Cuba, an Underwater Archeological Paradise
- Submitted by: manso
- 09 / 03 / 2011
By: Roberto F. Campos.PL . 03 de Septiembre 2011. Havana, (Prensa Latina).- Thanks to its well preserved sea bottom and wrecks of ancient ships in many places, experts consider Cuba a very special paradise for those interested in underwater archaeology and scuba diving.
A report released by the Tourism Ministry (MINTUR) website Cubatravel.cu indicates the existence of more than 500 well-studied diving sites in the country with exuberant underwater landscapes, exotic places, caves, vertical walls and tunnels.
Divers can also find riffs and canals with infinite options for this practice, day and night. However, there are ship wreck secrets of the times of the Spanish fleet yet to be unveiled.
Coral reefs are also attractive scenes for this practice, MINTUR insists.

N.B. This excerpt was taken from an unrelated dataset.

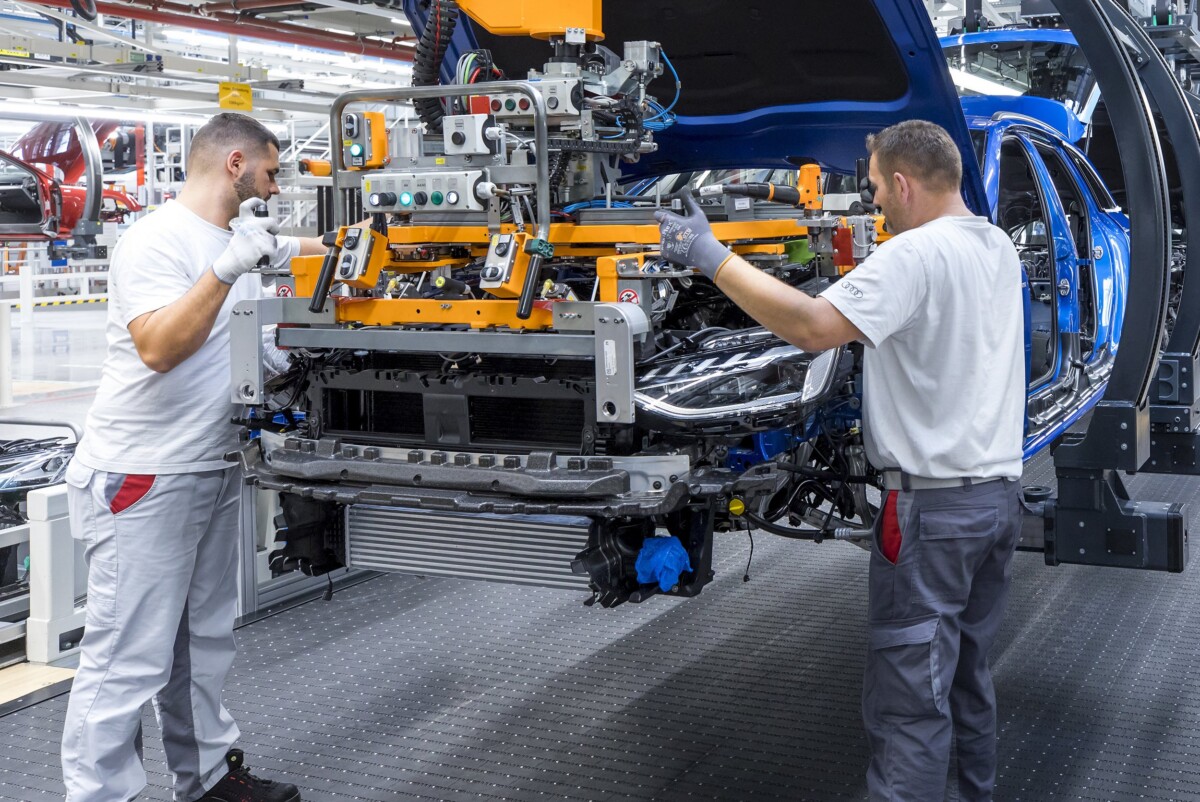 További dolgozókat bocsáthat el az Audi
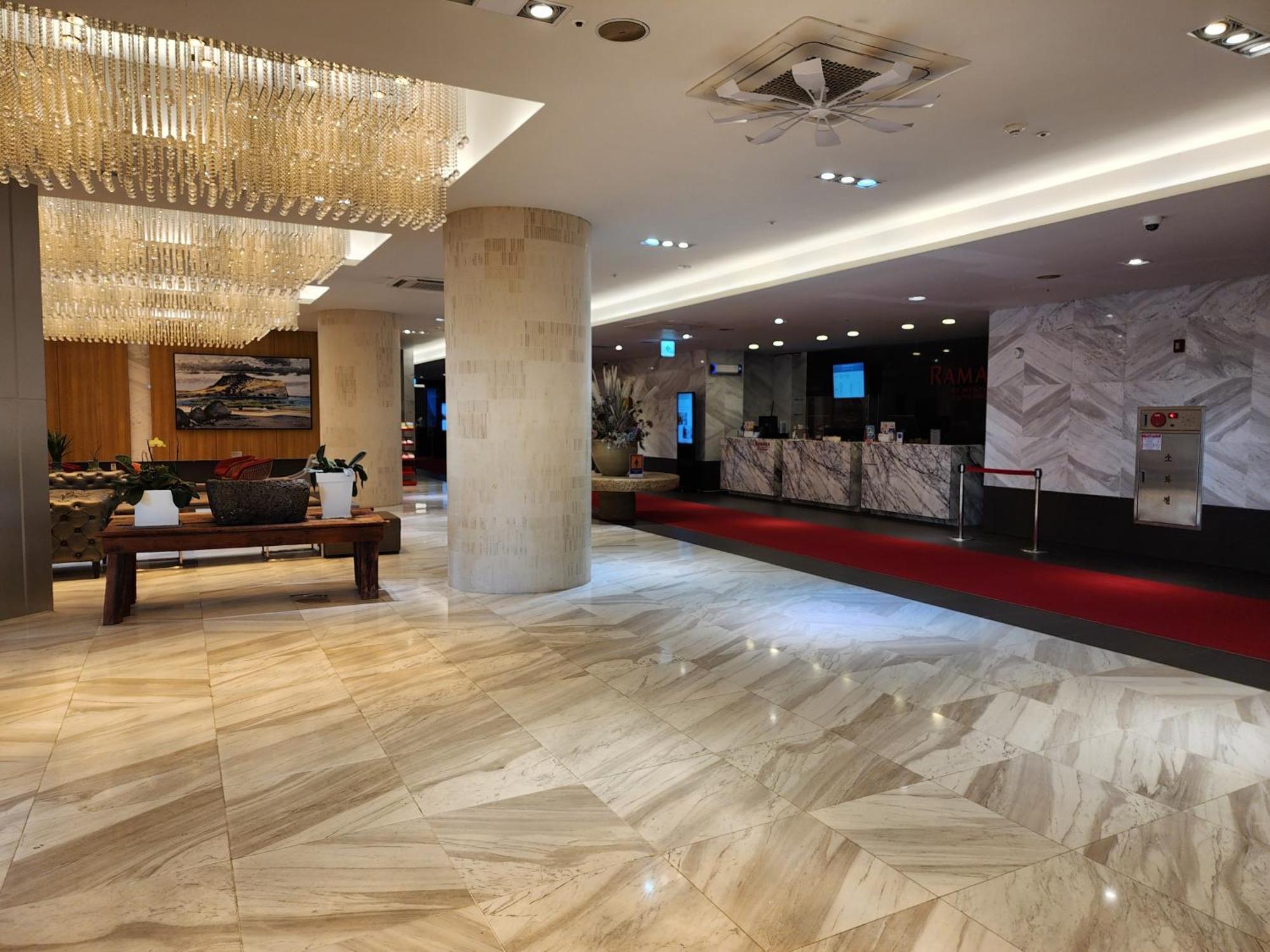Ramada By Wyndham Jeju Hamdeok Hotel Exterior photo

Both the country´s northern and southern litoral regions include promising cays among ideal places for diving. Most recommended areas include the Isle of Youth and Cayo Largo; Maria la Gorda, in Pinar del Rio; the northern Havana coast and Varadero with its artificial underwater park.

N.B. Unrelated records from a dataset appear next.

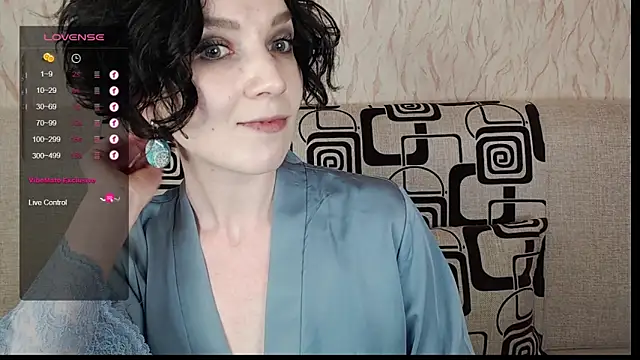 TinaWince online show from March 22, 2025, 9:45 am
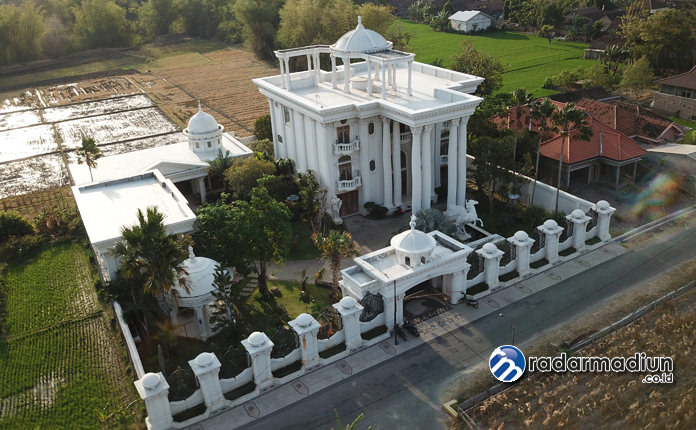 ISTANA KARYADI: Rumah megah di Desa Singgahan, Kecamatan Kebonsari, itu tidak dipasangi garis polisi.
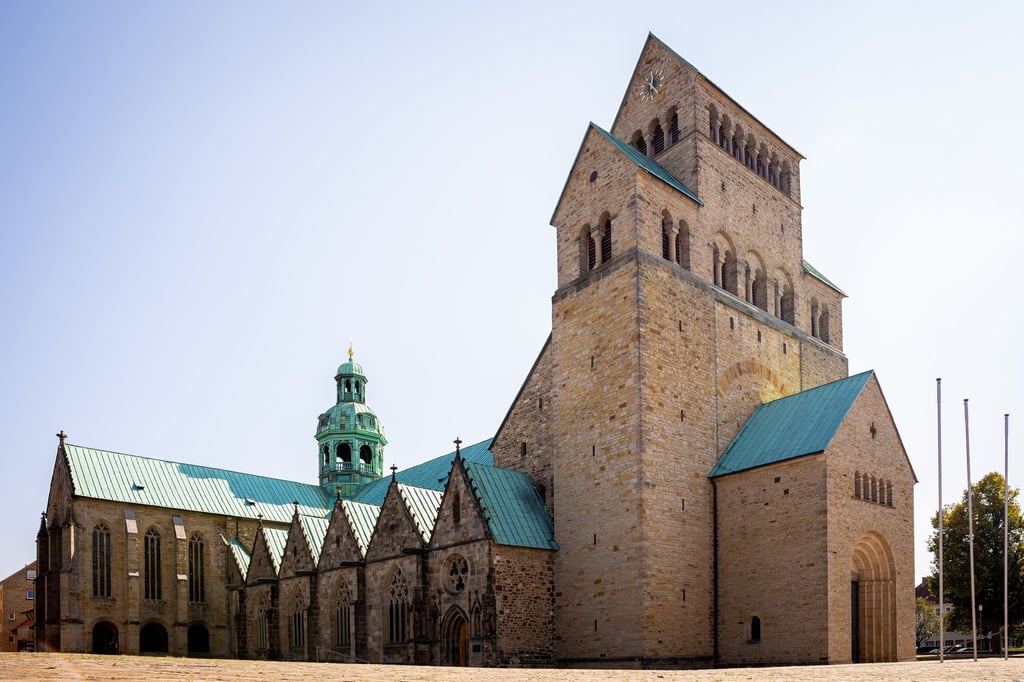 Der Dom Mariä Himmelfahrt zu Hildesheim ist bei Sonnenschein vor einem wolkenlosem Himmel zu sehen.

Other areas are the Zapata Peninsula for speleodiving, as well as the coastal areas of Cienfuegos, boasting the 20 foot high Notre Dame coral.
Divers can also enjoy their practice in Santiago de Cuba, with ship wrecks; the northern coast of Camaguey, Holguin and the promising pole of Jardines del Rey and in the Coco and Guillermo Cays, north of Ciego de Avila.
They can also enjoy incursions in Trinidad village, with crystal clear waters of enviable visibility, like those in the southern cays of Jardines de la Reina, which is the favourite site for the most adventurous.
MINTUR cites interesting ship wreck sites around Santiago de Cuba, 559 miles east of Havana, with numerous ship wrecks, old witnesses of the final naval battle of the Spanish-Cuban-American War in 1898.
At least 1,000 ships were sunk in those waters, including caravels carrying New World treasures, victims of pirates and storms.